Cautious, smarter spending, buying inexpensive, non-essential items, ‘trading down’ and home entertaining will dominate consumer buying habits in the coming months, according to the inaugural Deloitte Consumer Review, published today.

The quarterly survey found more than a third of consumers (36%) spent less on clothing and footwear in August, September and October, while 18% spent more.

And in the next three months – November, December and January - 31% of consumers intend to spend less on clothing and footwear.

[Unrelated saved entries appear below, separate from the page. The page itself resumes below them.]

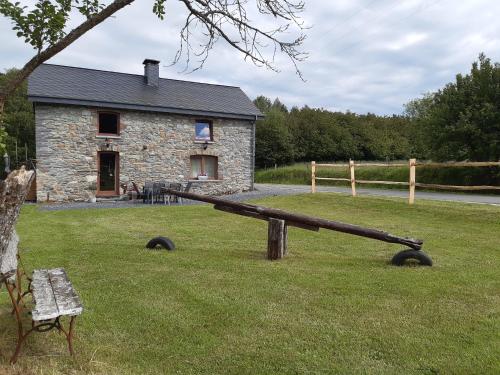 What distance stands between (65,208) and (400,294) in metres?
13.6

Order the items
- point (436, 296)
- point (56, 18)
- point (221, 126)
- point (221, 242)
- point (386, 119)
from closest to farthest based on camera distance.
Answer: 1. point (56, 18)
2. point (436, 296)
3. point (221, 242)
4. point (221, 126)
5. point (386, 119)

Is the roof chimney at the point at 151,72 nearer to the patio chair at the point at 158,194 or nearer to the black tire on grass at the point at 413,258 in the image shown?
the patio chair at the point at 158,194

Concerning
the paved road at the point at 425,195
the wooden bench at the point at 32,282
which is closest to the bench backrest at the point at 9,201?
the wooden bench at the point at 32,282

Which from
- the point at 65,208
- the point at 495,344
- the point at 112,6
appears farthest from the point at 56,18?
the point at 65,208

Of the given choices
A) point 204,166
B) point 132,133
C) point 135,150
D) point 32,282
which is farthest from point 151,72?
point 32,282

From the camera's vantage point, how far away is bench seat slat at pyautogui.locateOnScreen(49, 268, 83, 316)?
325 centimetres

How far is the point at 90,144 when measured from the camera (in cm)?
1834

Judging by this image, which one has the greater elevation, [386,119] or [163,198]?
[386,119]

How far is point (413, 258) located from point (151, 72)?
59.1 ft

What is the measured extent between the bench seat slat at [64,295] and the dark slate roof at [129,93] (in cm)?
1463

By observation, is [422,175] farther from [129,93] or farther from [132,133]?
[129,93]

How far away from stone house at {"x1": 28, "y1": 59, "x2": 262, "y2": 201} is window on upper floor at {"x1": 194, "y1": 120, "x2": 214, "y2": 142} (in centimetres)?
5

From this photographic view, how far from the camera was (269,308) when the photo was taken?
463cm

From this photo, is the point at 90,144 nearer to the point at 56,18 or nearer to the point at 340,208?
the point at 340,208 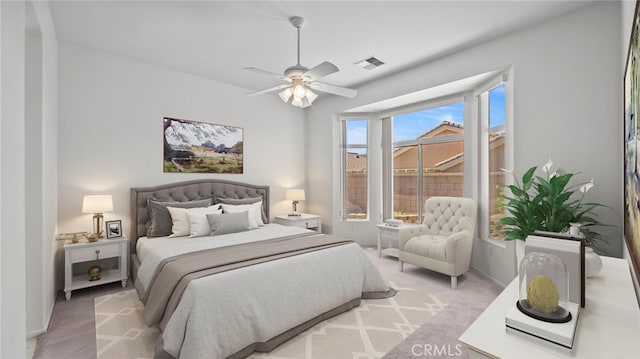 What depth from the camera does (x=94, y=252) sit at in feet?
10.1

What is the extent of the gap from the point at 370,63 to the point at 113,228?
148 inches

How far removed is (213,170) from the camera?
4.42 m

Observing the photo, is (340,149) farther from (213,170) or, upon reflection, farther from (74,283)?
(74,283)

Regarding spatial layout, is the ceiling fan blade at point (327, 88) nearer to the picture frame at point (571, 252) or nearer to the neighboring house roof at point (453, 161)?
the neighboring house roof at point (453, 161)

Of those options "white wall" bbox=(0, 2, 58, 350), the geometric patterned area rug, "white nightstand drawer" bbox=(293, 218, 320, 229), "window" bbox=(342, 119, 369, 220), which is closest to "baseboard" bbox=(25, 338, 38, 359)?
"white wall" bbox=(0, 2, 58, 350)

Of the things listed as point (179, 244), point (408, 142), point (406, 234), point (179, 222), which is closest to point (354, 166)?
point (408, 142)

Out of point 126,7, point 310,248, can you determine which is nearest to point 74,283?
point 310,248

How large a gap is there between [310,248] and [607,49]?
124 inches

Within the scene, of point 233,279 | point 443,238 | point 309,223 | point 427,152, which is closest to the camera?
point 233,279

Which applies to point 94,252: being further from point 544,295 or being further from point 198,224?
point 544,295

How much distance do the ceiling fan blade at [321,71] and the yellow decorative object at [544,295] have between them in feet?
6.91

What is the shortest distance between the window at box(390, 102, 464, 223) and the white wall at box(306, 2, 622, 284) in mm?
1010

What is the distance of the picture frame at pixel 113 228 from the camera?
335 cm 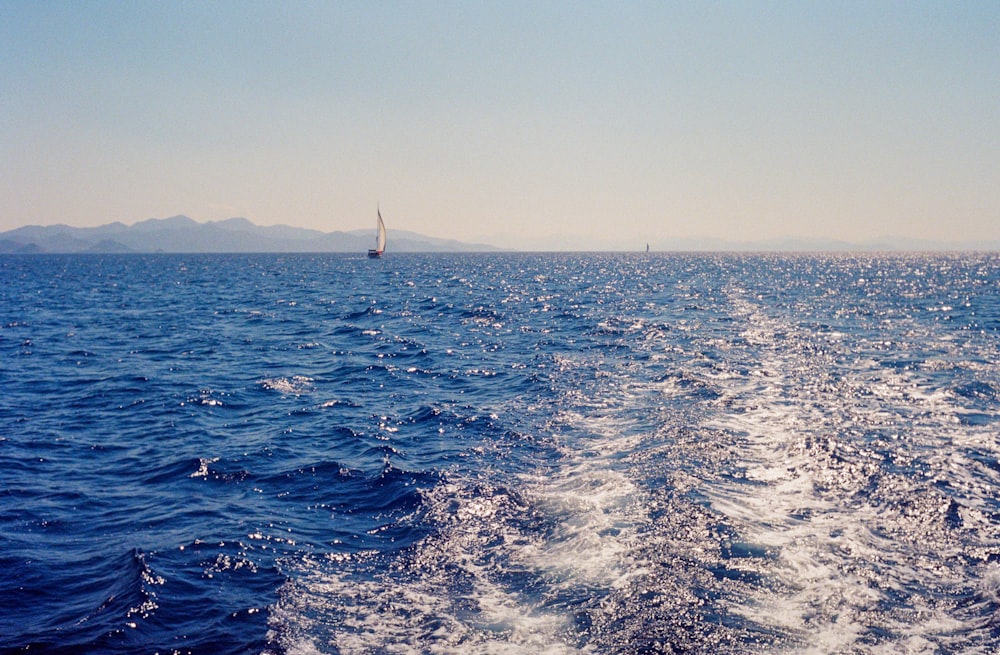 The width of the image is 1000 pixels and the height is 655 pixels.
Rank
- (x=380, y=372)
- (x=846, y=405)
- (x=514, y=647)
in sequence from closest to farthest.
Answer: (x=514, y=647) → (x=846, y=405) → (x=380, y=372)

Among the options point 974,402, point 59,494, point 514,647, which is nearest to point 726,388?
point 974,402

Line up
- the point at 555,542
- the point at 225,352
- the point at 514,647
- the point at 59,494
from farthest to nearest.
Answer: the point at 225,352, the point at 59,494, the point at 555,542, the point at 514,647

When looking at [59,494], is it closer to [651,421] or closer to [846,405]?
[651,421]

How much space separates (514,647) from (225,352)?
3066 cm

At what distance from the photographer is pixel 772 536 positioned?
11977 millimetres

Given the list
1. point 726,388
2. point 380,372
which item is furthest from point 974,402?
point 380,372

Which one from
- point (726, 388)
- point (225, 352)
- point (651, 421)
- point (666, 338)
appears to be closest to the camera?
point (651, 421)

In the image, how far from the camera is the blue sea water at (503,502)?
9109 millimetres

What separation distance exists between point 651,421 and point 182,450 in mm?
14310

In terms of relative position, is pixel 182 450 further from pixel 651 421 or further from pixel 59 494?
pixel 651 421

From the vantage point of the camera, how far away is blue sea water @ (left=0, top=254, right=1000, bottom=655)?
911cm

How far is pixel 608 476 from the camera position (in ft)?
50.1

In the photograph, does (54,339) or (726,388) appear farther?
(54,339)

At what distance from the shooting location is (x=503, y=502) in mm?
13797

Just 9% intend to spend more.

Declining consumer spending has been a result of a number of factors, according to the survey, including limiting impulse purchases (cited by 17% of consumers) and having already bought the item and not needing another one (cited by 9%).

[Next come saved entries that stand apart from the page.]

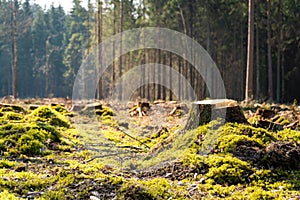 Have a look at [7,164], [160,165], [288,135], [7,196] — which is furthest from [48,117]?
[7,196]

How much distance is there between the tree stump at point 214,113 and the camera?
777 cm

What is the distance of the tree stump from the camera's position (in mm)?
7770

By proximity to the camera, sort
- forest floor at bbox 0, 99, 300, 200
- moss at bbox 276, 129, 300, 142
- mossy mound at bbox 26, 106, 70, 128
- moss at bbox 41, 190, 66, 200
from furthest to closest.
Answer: mossy mound at bbox 26, 106, 70, 128 < moss at bbox 276, 129, 300, 142 < forest floor at bbox 0, 99, 300, 200 < moss at bbox 41, 190, 66, 200

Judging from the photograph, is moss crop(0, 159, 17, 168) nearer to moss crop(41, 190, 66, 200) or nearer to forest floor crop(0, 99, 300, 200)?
forest floor crop(0, 99, 300, 200)

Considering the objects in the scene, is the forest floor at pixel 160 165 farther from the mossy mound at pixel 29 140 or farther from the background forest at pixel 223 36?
the background forest at pixel 223 36

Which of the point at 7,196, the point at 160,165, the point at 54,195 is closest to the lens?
the point at 7,196

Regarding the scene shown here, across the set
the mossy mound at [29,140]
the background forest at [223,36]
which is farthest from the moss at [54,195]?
the background forest at [223,36]

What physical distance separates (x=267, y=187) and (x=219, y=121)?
246 centimetres

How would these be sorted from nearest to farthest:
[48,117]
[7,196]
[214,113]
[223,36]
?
[7,196] → [214,113] → [48,117] → [223,36]

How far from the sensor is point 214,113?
7.78 metres

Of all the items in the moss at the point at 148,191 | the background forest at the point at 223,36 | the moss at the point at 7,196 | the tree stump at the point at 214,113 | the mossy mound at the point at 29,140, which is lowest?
the moss at the point at 148,191

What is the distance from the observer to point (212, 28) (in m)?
33.8

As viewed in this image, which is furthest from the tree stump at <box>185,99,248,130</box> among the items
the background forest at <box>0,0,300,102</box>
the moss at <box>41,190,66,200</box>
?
the background forest at <box>0,0,300,102</box>

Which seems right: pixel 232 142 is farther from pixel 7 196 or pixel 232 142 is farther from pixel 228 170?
pixel 7 196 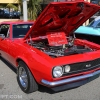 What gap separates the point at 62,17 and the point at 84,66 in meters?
1.23

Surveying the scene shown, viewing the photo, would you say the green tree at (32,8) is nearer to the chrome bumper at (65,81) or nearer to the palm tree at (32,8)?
the palm tree at (32,8)

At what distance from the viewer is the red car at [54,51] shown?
144 inches

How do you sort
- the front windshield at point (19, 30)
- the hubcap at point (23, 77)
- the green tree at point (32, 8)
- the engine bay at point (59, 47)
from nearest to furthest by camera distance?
the hubcap at point (23, 77) < the engine bay at point (59, 47) < the front windshield at point (19, 30) < the green tree at point (32, 8)

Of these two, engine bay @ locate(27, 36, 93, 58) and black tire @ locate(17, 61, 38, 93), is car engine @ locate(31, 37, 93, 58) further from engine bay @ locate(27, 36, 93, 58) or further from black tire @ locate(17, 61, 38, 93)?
black tire @ locate(17, 61, 38, 93)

Other reasons cited for a decline in spend include having bought the item second hand (4%); having used discount vouchers (4%) and having traded down by buying less expensive brands (9%).

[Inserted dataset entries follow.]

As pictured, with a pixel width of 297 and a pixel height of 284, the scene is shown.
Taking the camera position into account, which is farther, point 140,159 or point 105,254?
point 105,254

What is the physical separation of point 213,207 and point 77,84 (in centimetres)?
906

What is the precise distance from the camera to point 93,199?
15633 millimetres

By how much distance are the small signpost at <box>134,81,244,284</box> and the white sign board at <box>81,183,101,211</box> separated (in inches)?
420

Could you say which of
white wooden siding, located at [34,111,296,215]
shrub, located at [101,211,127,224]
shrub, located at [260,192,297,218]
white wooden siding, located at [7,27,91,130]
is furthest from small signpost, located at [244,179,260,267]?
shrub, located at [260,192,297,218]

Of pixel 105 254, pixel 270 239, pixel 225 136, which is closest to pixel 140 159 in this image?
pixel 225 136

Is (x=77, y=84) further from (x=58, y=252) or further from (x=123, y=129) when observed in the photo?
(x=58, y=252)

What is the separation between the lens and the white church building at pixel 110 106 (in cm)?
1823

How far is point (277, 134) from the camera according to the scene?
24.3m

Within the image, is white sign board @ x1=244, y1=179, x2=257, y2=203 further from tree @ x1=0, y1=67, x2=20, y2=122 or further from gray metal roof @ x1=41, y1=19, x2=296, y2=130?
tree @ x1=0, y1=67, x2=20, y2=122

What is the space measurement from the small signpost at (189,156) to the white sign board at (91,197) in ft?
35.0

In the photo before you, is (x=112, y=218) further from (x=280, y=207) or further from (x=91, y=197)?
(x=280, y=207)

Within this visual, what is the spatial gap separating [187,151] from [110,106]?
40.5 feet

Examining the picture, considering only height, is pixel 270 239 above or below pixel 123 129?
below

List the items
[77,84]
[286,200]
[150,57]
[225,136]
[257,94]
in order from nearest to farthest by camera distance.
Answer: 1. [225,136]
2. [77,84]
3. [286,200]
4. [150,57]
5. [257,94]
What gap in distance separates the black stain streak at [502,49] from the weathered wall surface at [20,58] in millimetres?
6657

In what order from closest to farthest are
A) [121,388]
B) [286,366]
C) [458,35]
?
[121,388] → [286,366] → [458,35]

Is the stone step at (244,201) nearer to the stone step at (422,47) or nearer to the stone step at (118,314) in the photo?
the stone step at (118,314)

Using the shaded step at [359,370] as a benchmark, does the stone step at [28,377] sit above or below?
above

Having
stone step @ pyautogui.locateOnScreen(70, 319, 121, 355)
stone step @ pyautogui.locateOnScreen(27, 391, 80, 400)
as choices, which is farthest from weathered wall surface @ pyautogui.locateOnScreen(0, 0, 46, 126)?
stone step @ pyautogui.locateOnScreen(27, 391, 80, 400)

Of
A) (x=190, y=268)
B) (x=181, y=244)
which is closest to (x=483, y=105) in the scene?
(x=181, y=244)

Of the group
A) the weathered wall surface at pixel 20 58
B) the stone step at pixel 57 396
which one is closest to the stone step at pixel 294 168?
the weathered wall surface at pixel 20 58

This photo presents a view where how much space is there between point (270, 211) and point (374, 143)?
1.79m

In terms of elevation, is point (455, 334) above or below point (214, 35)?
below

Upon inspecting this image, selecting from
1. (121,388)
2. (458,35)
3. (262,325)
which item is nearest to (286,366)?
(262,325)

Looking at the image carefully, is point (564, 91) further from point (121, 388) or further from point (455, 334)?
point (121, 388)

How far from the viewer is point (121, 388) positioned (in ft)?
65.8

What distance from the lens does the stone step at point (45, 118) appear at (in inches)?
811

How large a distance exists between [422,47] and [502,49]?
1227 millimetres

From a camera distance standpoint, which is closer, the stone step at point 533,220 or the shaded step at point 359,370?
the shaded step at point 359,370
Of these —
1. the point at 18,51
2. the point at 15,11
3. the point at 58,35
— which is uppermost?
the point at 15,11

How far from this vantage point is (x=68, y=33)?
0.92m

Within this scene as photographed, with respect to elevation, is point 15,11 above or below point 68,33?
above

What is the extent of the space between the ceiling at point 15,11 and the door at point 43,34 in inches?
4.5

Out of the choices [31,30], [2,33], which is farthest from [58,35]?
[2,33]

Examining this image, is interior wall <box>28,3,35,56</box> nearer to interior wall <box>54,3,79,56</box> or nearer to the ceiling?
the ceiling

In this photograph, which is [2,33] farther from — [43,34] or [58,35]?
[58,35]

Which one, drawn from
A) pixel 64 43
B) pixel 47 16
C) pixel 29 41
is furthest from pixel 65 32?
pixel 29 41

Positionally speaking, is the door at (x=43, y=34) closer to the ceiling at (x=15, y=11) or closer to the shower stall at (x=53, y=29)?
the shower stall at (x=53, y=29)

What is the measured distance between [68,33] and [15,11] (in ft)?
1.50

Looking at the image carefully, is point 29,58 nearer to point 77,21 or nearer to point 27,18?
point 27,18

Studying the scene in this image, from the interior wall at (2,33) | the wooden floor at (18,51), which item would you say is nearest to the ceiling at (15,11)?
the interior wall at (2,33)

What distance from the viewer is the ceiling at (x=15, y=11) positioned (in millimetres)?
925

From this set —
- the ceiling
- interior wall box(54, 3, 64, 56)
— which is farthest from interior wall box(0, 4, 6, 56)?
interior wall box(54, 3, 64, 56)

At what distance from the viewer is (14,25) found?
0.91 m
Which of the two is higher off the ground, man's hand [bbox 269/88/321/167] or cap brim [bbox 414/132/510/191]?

One in five households has seen a reduction in income in the last quarter, while 7% have seen someone lose their job, the survey found. Consumers are also spending more on utilities, transport and groceries as the cost of these continue to rise, while cutback on entertainment, clothing and travel are being made.  

Concern over the Euro, high levels of inflation and flat consumer incomes are all adding to weakening consumer sentiment. A sharp fall in inflation in the first half of next year, predicted by The Bank of England, will help support household incomes and spending to some degree.

However, pessimism is prevailing with 53% of consumers negative about the prospects for their disposable income, 28% about their personal debt levels and 23% on job security.